# WHAT THE TASK REQUIRES
Reproduce the entire listing exactly. Leave the pictures out.

______________________________

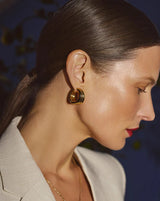 Savi Triple Ridge Large Hoop Earrings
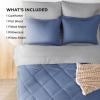 imageBedsure Twin XL Comforter Set  5 Pieces Reversible Blush Pink Bedding Twin XL Size Bed Set for All Seasons Bed in a Bag with Down Alternative Comforter Sheets Pillowcase ampamp Sham12  Infinity Blue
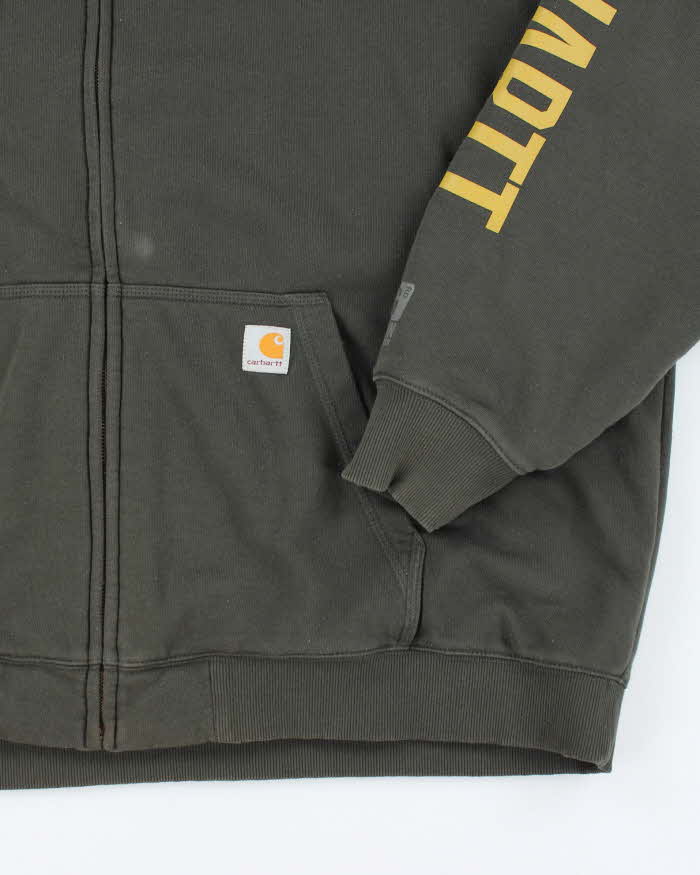 Vintage 2000's Carhartt Fleece Lined Zip-Up Hoodie - XXXL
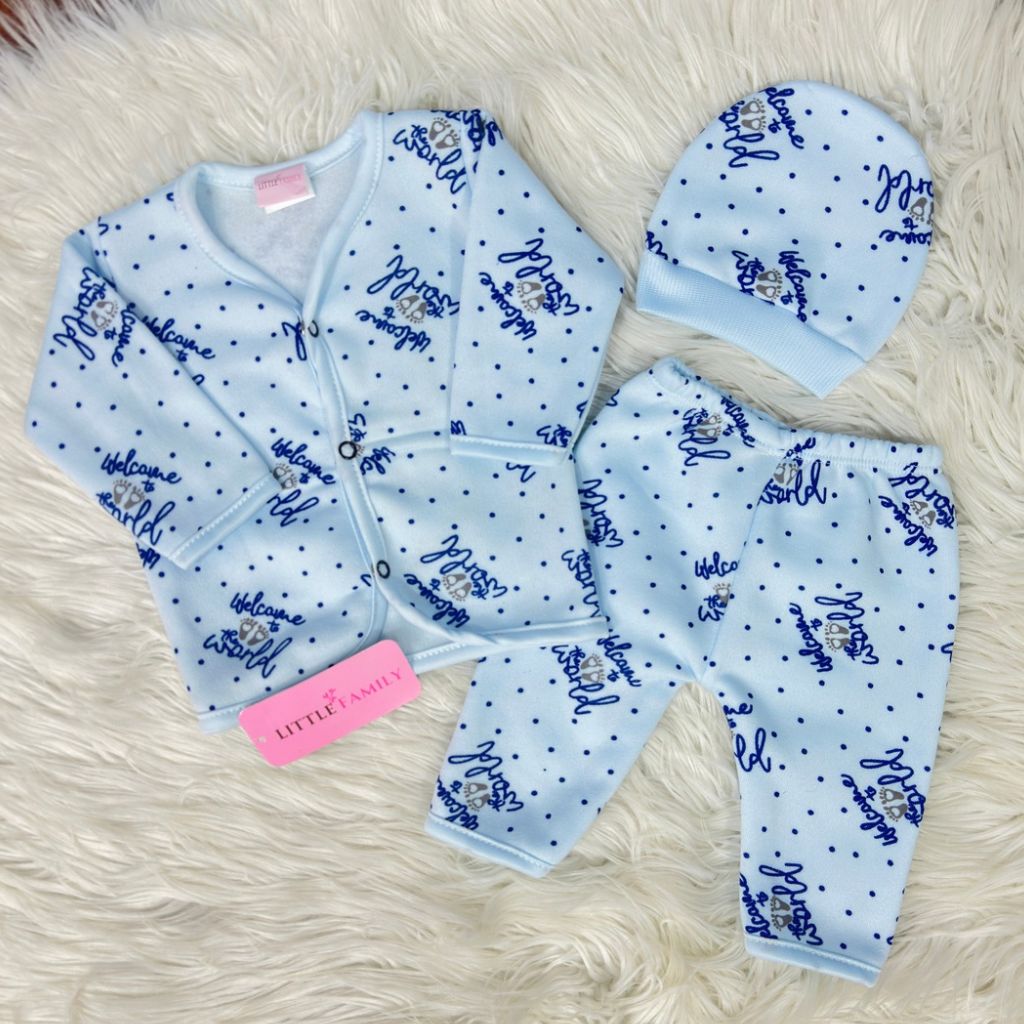 Premium 3-Piece Fleece Outfit Set – Pack of 3
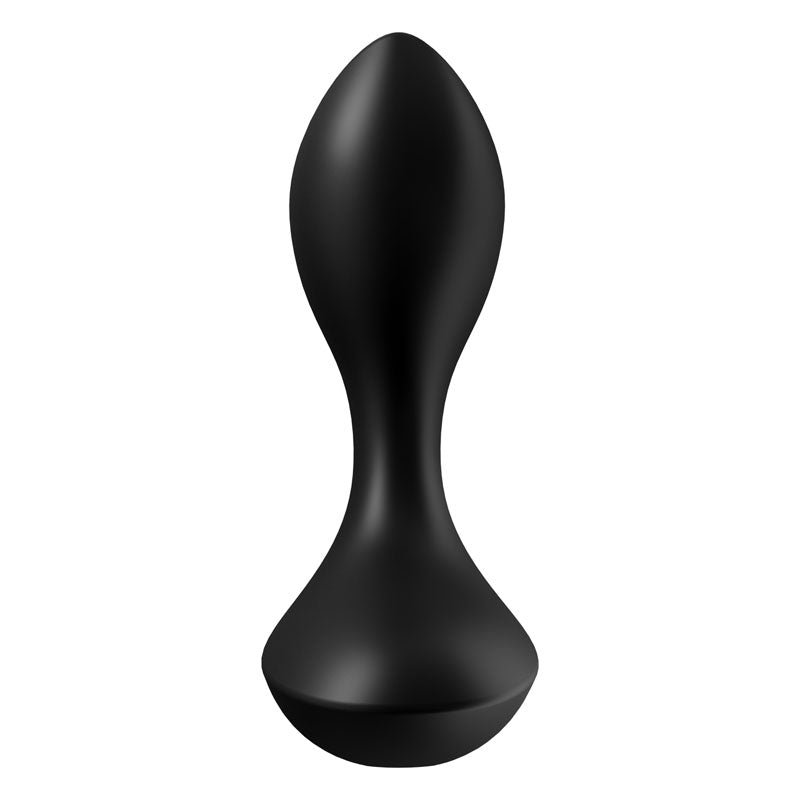 Satisfyer Backdoor Lover Black Usb Rechargeable Vibrating Butt Plug
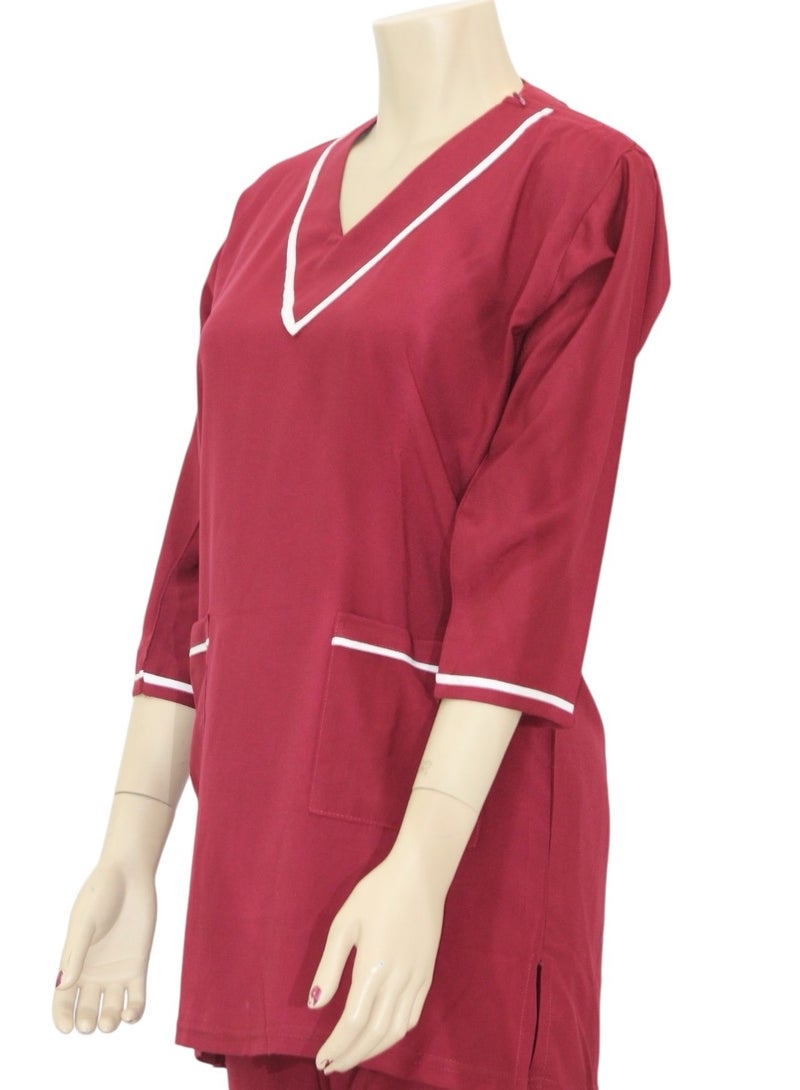 Housemaid Uniform Maid & Nanny Scrub Suit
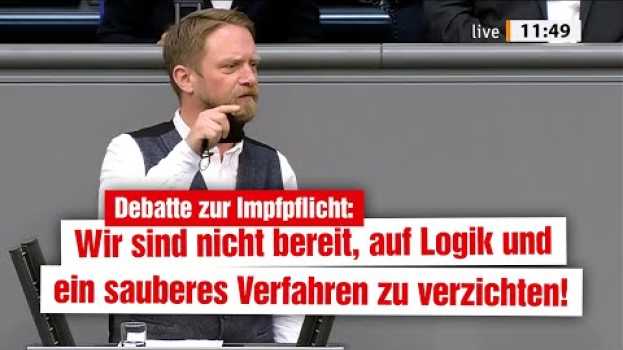 Video DIE LINKE beteiligt sich nicht an billigen parlamentarischen Tricks in der Impfpflicht-Debatte! in English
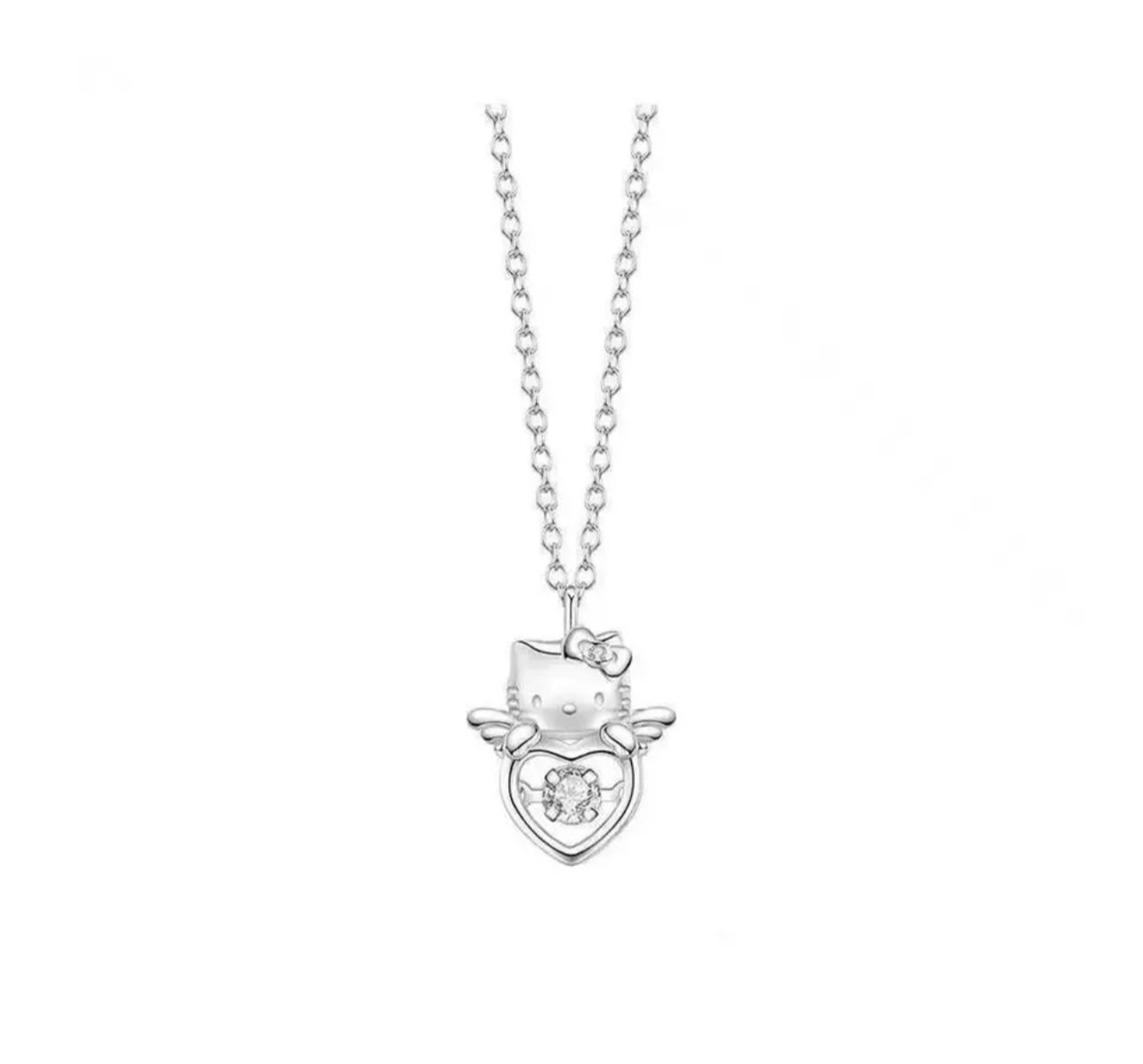 HK ANGEL SILVER GEM NECKLACE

______________________________

# ANSWER SECTION
 Savi Triple Ridge Large Hoop Earrings
 imageBedsure Twin XL Comforter Set  5 Pieces Reversible Blush Pink Bedding Twin XL Size Bed Set for All Seasons Bed in a Bag with Down Alternative Comforter Sheets Pillowcase ampamp Sham12  Infinity Blue
 Vintage 2000's Carhartt Fleece Lined Zip-Up Hoodie - XXXL
 Premium 3-Piece Fleece Outfit Set – Pack of 3
 Satisfyer Backdoor Lover Black Usb Rechargeable Vibrating Butt Plug
 Housemaid Uniform Maid & Nanny Scrub Suit
 Video DIE LINKE beteiligt sich nicht an billigen parlamentarischen Tricks in der Impfpflicht-Debatte! in English
 HK ANGEL SILVER GEM NECKLACE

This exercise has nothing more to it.